Mesajı Okuyun
Old 27-05-2010, 17:23   #1
Şamil TEKİR

 
Varsayılan Çek Kan. Geçici 2. Mad. göre verilen taahhütlerde red kararına karşı başvuru yolu

Sayın meslektaşlarım,

Öncelikler sizleri saygı ile selamlamak istiyorum.

Hepinizin malumu üzere Çek Kanununda yapılan değişiklik ile getirilen Geçici 2. Maddesine göre yapılan taahhütnamelerde karşılaşmış olduğum bir durumu sizlerle paylaşmak istiyorum. Bunun yanında değerli fikirlerinizi de paylaşır iseniz ziyadesi ile memnun olacağım.

Müvekkilim, Çek Kanununun Geçici 2. Maddesinde belirtilen son gün olan 01/04/2010 tarihi öncesinde ve halen askerlik vazifesini yapmaktadır.

Müvekkilimin piyasada bulunan birçok çekin karşılıksız çıkması nedeni ile şikayette bulunuluyor ve Asliye Ceza Mahkemelerinde yargılamaları yapılıyor ve ceza veriliyor. bu kararlarda kesinleşiyor.
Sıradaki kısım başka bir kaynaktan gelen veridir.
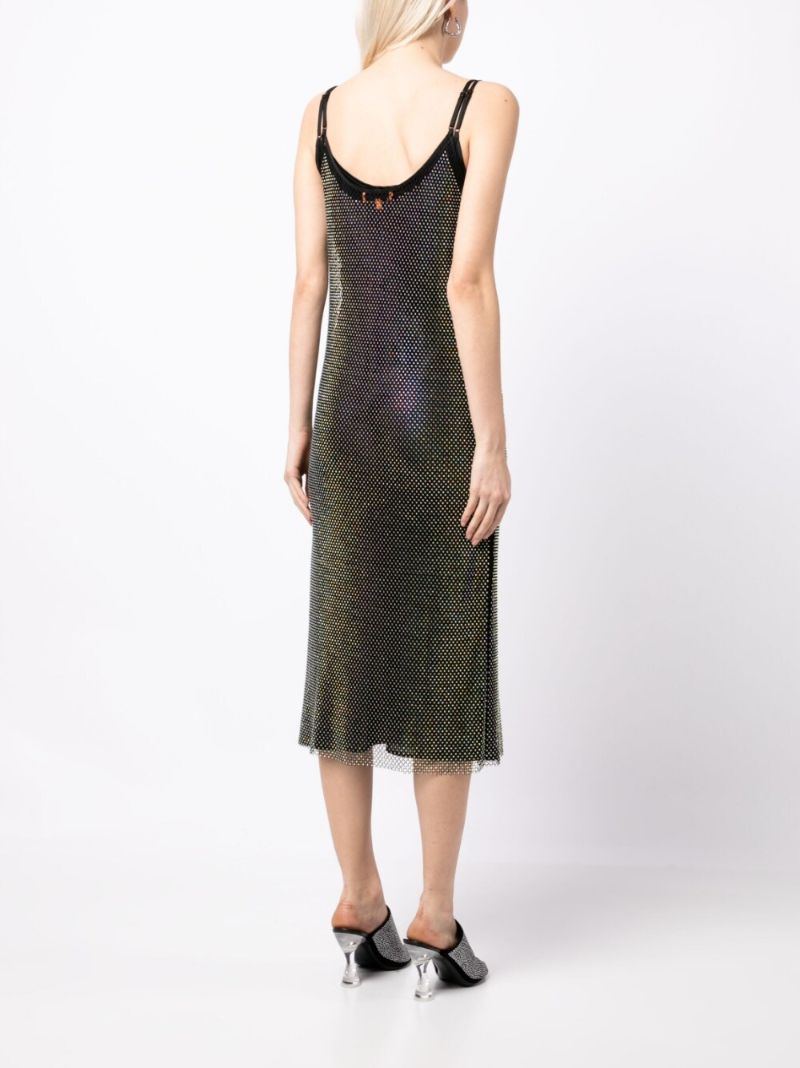 Black Oakley Crystal Slip Midi Dress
Müvekkilimin askerlik vazifesini yapıyor olması nedeni ile bizzat kendisinden Çek Kanununun geçici 2. maddesinde belirtilen taahhütleri alma imkanım olmadı. Ancak müvekkilimin tarafıma vermiş olduğu vekaletnamede "davalarla ilgili bilumum taahhütte bulunmaya, taahhütleri imzalamaya" şeklinde yetki vermiştir.

Müvekkilimin vermiş olduğu bu yetkiye dayanarak yargılaması devam eden ve kararları kesinleşen dosyalara müvekkilime vekaleten bu taahhütleri imzalayarak mahkemelere sundum.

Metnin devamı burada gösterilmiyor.